Bursa ve diğer şehirlerde mikroplastik kirliliği incelendi
Ankara Üniversitesi Ziraat Fakültesi tarafından yapılan kapsamlı bir araştırma, Türkiye’nin çeşitli şehirlerindeki açık çöp döküm sahaları ve hurdalık alanlarında mikroplastik kirliliğini inceledi. Araştırma, özellikle tarım alanlarının dışında kalan endüstriyel bölgelerde topraktaki mikroplastik yükünün arttığını ve bunun ekosistemler, su kaynakları ve tarımsal üretim için büyük tehdit oluşturduğunu ortaya koydu.
BURSA VE DİĞER ŞEHİRLERDEKİ ANALİZLER DİKKAT ÇEKTİ
Araştırmada, Mersin, İzmir, Bursa ve Çanakkale’deki hurdalık alanlarında, açık çöp döküm sahalarında ise Aydın, Manisa, Antalya ve Sakarya’da yapılan analizler dikkat çekti. Çalışma, mikroplastiklerin toprakta ne kadar yoğun bir şekilde biriktiğini ve bu kirliliğin ekosistemlere etkisini gözler önüne serdi.
MİKROPLASTİK YÜKÜ EN FAZLA MERSİN VE AYDIN’DA TESPİT EDİLDİ
Araştırma sonuçlarına göre, hurdalık alanlarında 1 kilogram toprakta en fazla mikroplastik parçacığı Mersin’de tespit edildi. Mersin'deki hurdalık alanlarında 700 mikroplastik parçacık bulunurken, Aydın'daki açık çöp döküm sahalarında ise 640 mikroplastik parçacık bulundu. Mersin’i, İzmir (460) ve Bursa (320) takip etti. Çanakkale’de ise en düşük mikroplastik yoğunluğu 373 parçacık olarak kaydedildi.
ÇÖP DÖKÜM İNCELEMELERİNDE AYDIN İLK SIRADA
Açık çöp döküm sahalarında ise Aydın, 640 mikroplastik parçacıkla ilk sırada yer aldı. Manisa ise 260 parçacıkla ikinci, Antalya ise 233 parçacıkla üçüncü sırada bulunuyor. Sakarya ise 133 mikroplastik parçacıkla açık çöp döküm sahalarında en düşük kirlilik oranına sahip şehir oldu.
POLİETİLEN EN YAYGIN MİKROPLASTİK TÜRÜ
Araştırmada, açık çöp döküm sahalarında ve hurdalık alanlarında en yaygın bulunan mikroplastik türünün polietilen olduğu belirlendi.

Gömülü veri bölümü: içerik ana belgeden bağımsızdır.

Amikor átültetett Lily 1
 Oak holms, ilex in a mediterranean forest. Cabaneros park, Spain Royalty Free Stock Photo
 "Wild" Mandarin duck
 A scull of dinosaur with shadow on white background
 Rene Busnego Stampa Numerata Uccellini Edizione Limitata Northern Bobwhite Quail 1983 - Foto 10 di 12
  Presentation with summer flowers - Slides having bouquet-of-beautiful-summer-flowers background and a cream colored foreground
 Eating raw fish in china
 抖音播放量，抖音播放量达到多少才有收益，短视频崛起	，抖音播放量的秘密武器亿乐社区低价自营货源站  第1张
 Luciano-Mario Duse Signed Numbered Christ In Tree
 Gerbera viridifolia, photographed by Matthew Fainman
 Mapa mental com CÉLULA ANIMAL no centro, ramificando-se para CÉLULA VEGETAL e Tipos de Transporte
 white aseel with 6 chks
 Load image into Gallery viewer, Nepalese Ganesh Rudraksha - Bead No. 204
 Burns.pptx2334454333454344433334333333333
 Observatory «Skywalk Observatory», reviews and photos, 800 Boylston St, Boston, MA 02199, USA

Polietilen, günlük yaşamda kullanılan plastiklerin çoğunun yapıldığı maddelerden biri olup, toprakta %81,5 oranında bulunuyor. Hurdalık alanlarında ise polietilen oranı %70,1 olarak saptandı.
MİKROPLASTİKLERİN EKOSİSTEME ETKİSİ
Ankara Üniversitesi Ziraat Fakültesi öğretim üyelerinden Dr. Muhittin Onur Akça, mikroplastiklerin bitkilerin büyümesi ve tarımsal ürünlerin kalitesi üzerinde olumsuz etkiler yaratabileceğini belirtti. Mikroplastik partiküllerin toprağa daha fazla birikerek bitki dokularına girmesi, bu maddelerin meyve ve sebzelere geçişine yol açabilir. Bu da insan sağlığı açısından ciddi riskler oluşturur.
Akça, özellikle tarımsal alanlarda plastik kirliliğiyle mücadele edilmesi gerektiğini, biyobozunur plastiklerin yaygınlaştırılmasının ve tek kullanımlık plastiklerin kullanımının sınırlandırılmasının önemli olduğunu vurguladı.
BİLİMSEL VERİLERE DAYALI POLİTİKALAR GELİŞTİRİLMELİDİR
Çalışmanın bir diğer yürütücüsü Prof. Dr. Oğuz Can Turgay, plastiğin insan yaşamındaki etkisinin azaltılması gerektiğini belirtti. Turgay, plastik üretimi ve tüketimi üzerine politika değişikliklerinin yapılması gerektiğini ifade ederken, bu konuda bilimsel verilerin temel alınması gerektiğini dile getirdi. Ayrıca, sanayi atıkları ve plastik üretimi konusunda daha dikkatli olunması gerektiğini vurguladı.
Turgay, mikroplastik kirliliğinin özellikle vahşi depolama alanlarında yoğun olduğunu, bu tür alanların sayısının azaltılması gerektiğini belirtti. Plastiklerin tarımda kullanılan türlerinin de denetlenmesi gerektiğini, bu tür düzenlemelerin ekolojik dengeyi korumak için kritik öneme sahip olduğunu söyledi.